The birth of democracy assumes, therefore, a relevant role in the current political debate. Only from the consideration given to this type of government or organization of society can one understand the meaning of a discussion about its origins. This was not always the case: observing the formation of democracy, when it was not a widely shared value, does not have the same meaning as a similar observation when it takes place in a democratic era.

Some scholars have seen the ideological end and limits of the discussion of origins in a way that, more than any other, is on our political horizon. Finding in ancient Greece the source of reflection and practice of democracy is something more than a simple rhetorical exercise, especially when one associates the ancient Greek world with a vague notion of Europe or the West.

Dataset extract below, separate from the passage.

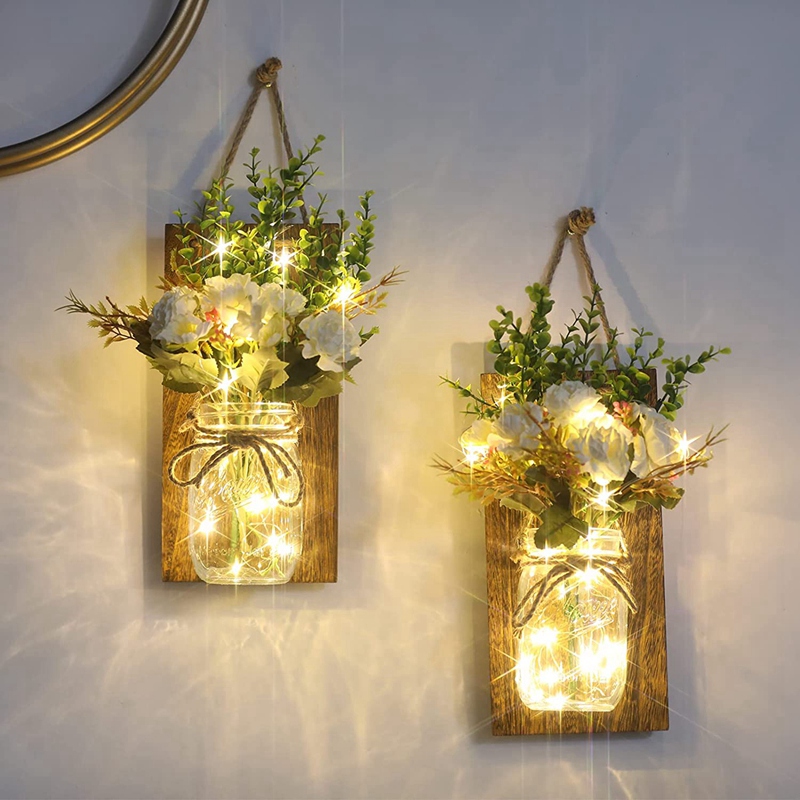 Rustic Mason Jar Sconces for Home Decor, Mason Jar Sconces Set of 2 Hanging Mason Jar Sconces with LED Fairy Lights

If the foundations of democracy are to be found in the “European” or “Western” world, the position of those who accept democracy as an unsurpassable model of government will not be the same, dealing with individuals from different backgrounds. The difference will be given by the appeal to tradition or by the ways of representing oneself through one's own origins. The position of those who defend democracy will be different as citizens from a colonizing country or, on the contrary, from a colonized country.

In the same way, anyone who is specifically interested in the Greek and Roman world from a political point of view also feels obliged to make a choice: he can, on the one hand, assign a central position to the set of ancient literary texts, or, in any case, immediately endowed with meaning within modern cultural and political practices. In view of this position, he can tacitly accept that military force and colonial expansion were secondary (or instrumental) aspects, in the face of the imposition of superior values ​​transmitted as an inheritance. On the other hand, it is possible to refute the very notion of ancient heritage, seeking in the classical world what is strange and distant – a society whose understanding removes all feeling of familiarity with the present moment.

Faced with this situation, the study presented here takes up the problem of tradition and inheritance in our political lexicon. The history of democracy in the modern world corresponds to the continuous creation of something past, starting from the past, but within different and sometimes divergent temporal schemes. The resumption of the word 'democracy' occurs not only in heterogeneous historical moments, but implies a temporal dimension of another nature. It is necessary to consider what are the political perspectives of the present moment and what are the different expectations regarding the future, the confidence or disbelief in revolutionary processes, the various ways in which the parameters of the past are reconsidered.

The readings of democratic theories according to a teleological vision, thanks to which one intends to make accounts with the past from the current conception of democracy, are therefore misleading. The usual procedures of a history of concepts also prove inadequate, if they assume that political notions can be studied independently of the processes of transmission of texts, of the traditions that make it possible to describe new political phenomena with old words. The link that unites every observed phenomenon to its own 'past' cannot thus be broken, as long as the term that designates it, taken up from other contexts, conserves its vigor, placed in relation to the present world.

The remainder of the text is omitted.